Action item:
Below are some records. Retype exactly the lines from the one containing "Jasperware Jewelry Rhodium" through the one containing "Picasee silikónový čierny", both included, skipping every picture.

Records provided:
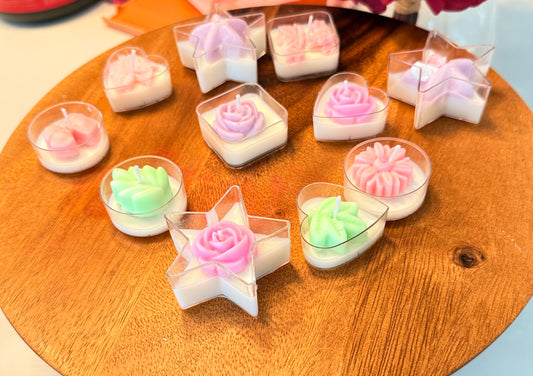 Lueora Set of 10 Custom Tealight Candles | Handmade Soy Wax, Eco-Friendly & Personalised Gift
* * *
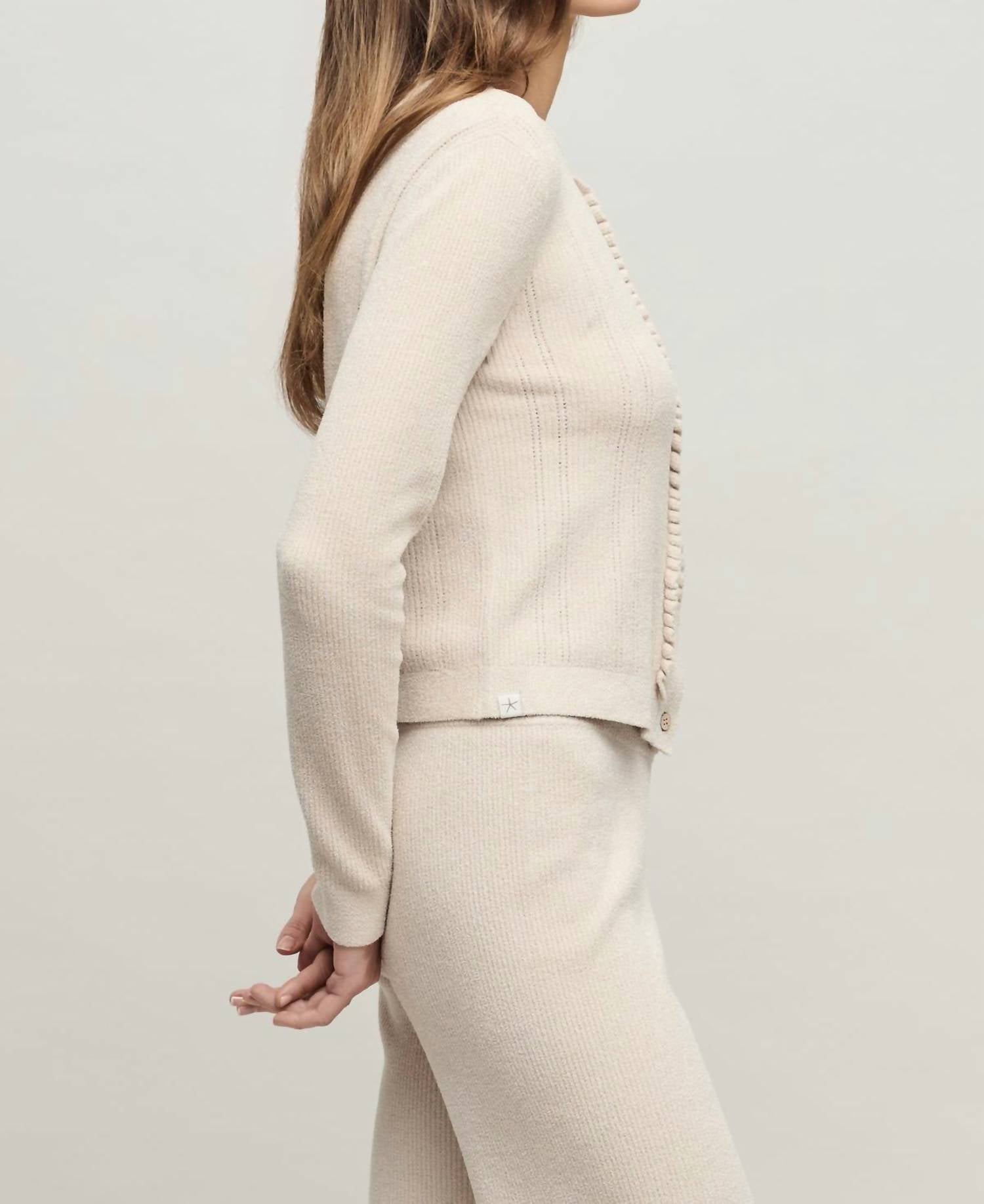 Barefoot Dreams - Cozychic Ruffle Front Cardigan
==
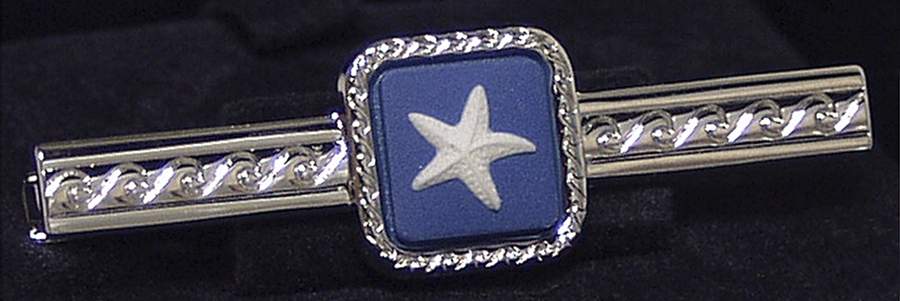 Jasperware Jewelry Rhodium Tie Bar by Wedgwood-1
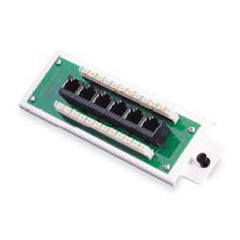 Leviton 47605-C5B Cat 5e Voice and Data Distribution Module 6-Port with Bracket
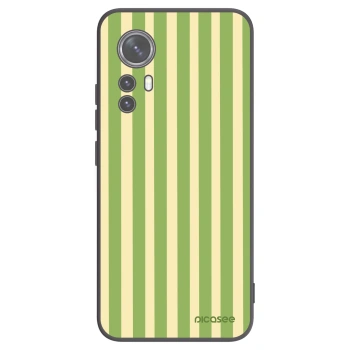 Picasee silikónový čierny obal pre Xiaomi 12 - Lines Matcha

Problem solution:
 Jasperware Jewelry Rhodium Tie Bar by Wedgwood-1
 Leviton 47605-C5B Cat 5e Voice and Data Distribution Module 6-Port with Bracket
 Picasee silikónový čierny obal pre Xiaomi 12 - Lines Matcha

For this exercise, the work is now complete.